Mistrzowie z 2017 nie planują spoczywać na laurach i cały czas pracują nad tym, by obronić zdobyty tytuł. Houston Astros nie mają właściwie żadnych słabości, ale dodanie do swojego składu takiego miotacza jak Gerrit Cole powinno ich jeszcze bardziej wzmocnić. Pittsburgh Pirates nie byli blisko awansu do Postseason w zeszłym sezonie, więc myślą nad oddaniem swoich najlepszych graczy za prospekty. Pośród nich mamy Gerrita Cole, który przez ostatnie lata był kluczowym członkiem rotacji. Były już głosy mówiące o tym, że wymiana z jego udziałem została zatwierdzona przez zarówno Pirates jak i Astros. Jednak nic nie jest jeszcze oficjalne. Jak wiadomo dyskutowane są prospekty, które mają zmienić barwy. Pittsburgh chce któregoś z tej dwójki : Forrest Whitley i Kyle Tucker. Astros wolą natomiast oddać zamiast tego Dereka Fishera. Gdyby jednak wymiana doszła do skutku, Cole dołączyłby do rotacji, która nawet bez niego wygląda bardzo imponująco. Na obecny moment ich starterami są : Justin Verlander, Dallas Keuchel, Lance McCullers Jr, Charlie Morton, Brad Peacock i Collin McHugh. Z Gerritem w składzie byliby przygotowani na kontuzje, a te ostatnio często przytrafiały się Keuchelowi i McCullersowi Jr. Pozatym Cole był wybrany jako pierwszy w drafcie w 2011 roku i moim zdaniem ma on potencjał, by walczyć co roku o wygranie nagrody Cy Young. W zeszłym roku miał ERA na poziomie 4.26 i WHIP 1.25 w 203 IP. Najlepszym sezonem w karierze był 2015, gdy miał ERA 2.6 i WHIP 1.09 w 208 IP. Gerrit ma 27 lat i pozostało mu 2 lata kontroli. Astros wiedzą, że za rok wolnymi agentami zostaną Keuchel i Morton, a więc szukają graczy, którzy by mogli znaleźć się w ich rotacji po 2018. Rok później natomiast Cole zostałby wolnym agentem wraz z Verlanderem, to wtedy Astros pozostaliby pozostawieni w trudnej sytuacji. Jednak Cole i tak jest opcją, która najbardziej im odpowiada. Nie mają ochoty na to, by dać Darvishowi czy Arriecie długoterminowe kontrakyt, a wśród miotaczy, za których by mogli zrobić wymianę to taki Archer kosztowałby za drogo, jeżeli chodzi o prospekty. Tak więc Cole pozostaje dla nich najlepszą opcją. Astros chcą zbudować potęgę na najbliższe lata i być kimś takim w MLB jak ostatnio Golden State Warriors w NBA.

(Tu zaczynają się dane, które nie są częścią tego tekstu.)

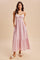 woman wearing a light pink maxi dress with adjustable straps, lace detailing, and pockets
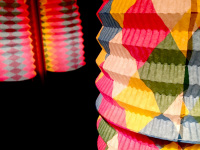 in a black dark room are shining colorful lanterns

Pittsburgh Pirates natomiast nie wyglądają na drużynę, która by mogła poważnie myśleć o Postseason. Teraz mają ważne decyzje do podjęcia, Andrew McCutchen zostanie wolnym agentem po 2018, a Gerrit Cole po 2019. Zatem muszą się zdecydować albo na poważną walkę albo na odbudowe. Pirates mają pełno młodych graczy w swoim składzie i dodanie kolejnych prospektów pozwoliło na stworzenie ciekawej paczki, która mogłaby co roku walczyć o mistrzostwo zaczynając od 2020. Jeżeli zatem zdecydują się na oddanie Cole'a, McCutchena najprawdopodobniej czekałby taki sam los. Szkoda byłoby im pożegnać ze się swoją gwiazdą, jednak to może być ich najlepszą decyzją.

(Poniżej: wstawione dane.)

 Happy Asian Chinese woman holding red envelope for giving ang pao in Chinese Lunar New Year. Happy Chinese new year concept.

Jak cała sytuacja wpłynie na dalszy przebieg offseason? Taka wymiana z udziałem Cole'a czy McCutchena nie wpłynęłaby pozytywnie na wolnych agentów. Drużyny, którzy potrzebują zapolowego będą mieli więcej opcji. Zatem wolni agenci być może będą musieli jeszcze dłużej czekać na znalezienie nowej drużyny. To wszystko może jeszcze zatem się zwlekać. Ekipy do początku Spring Training będą chcieli wielokrotnie rozważyć wszystkie swoje opcje. Każda wymiana ma swoje konsekwencje, tutaj działa to jak domino. Ciekawe, czy działacze Astros i Pirates będą w stanie dogadać się w sprawie wymiany z udziałem Gerrita Cole.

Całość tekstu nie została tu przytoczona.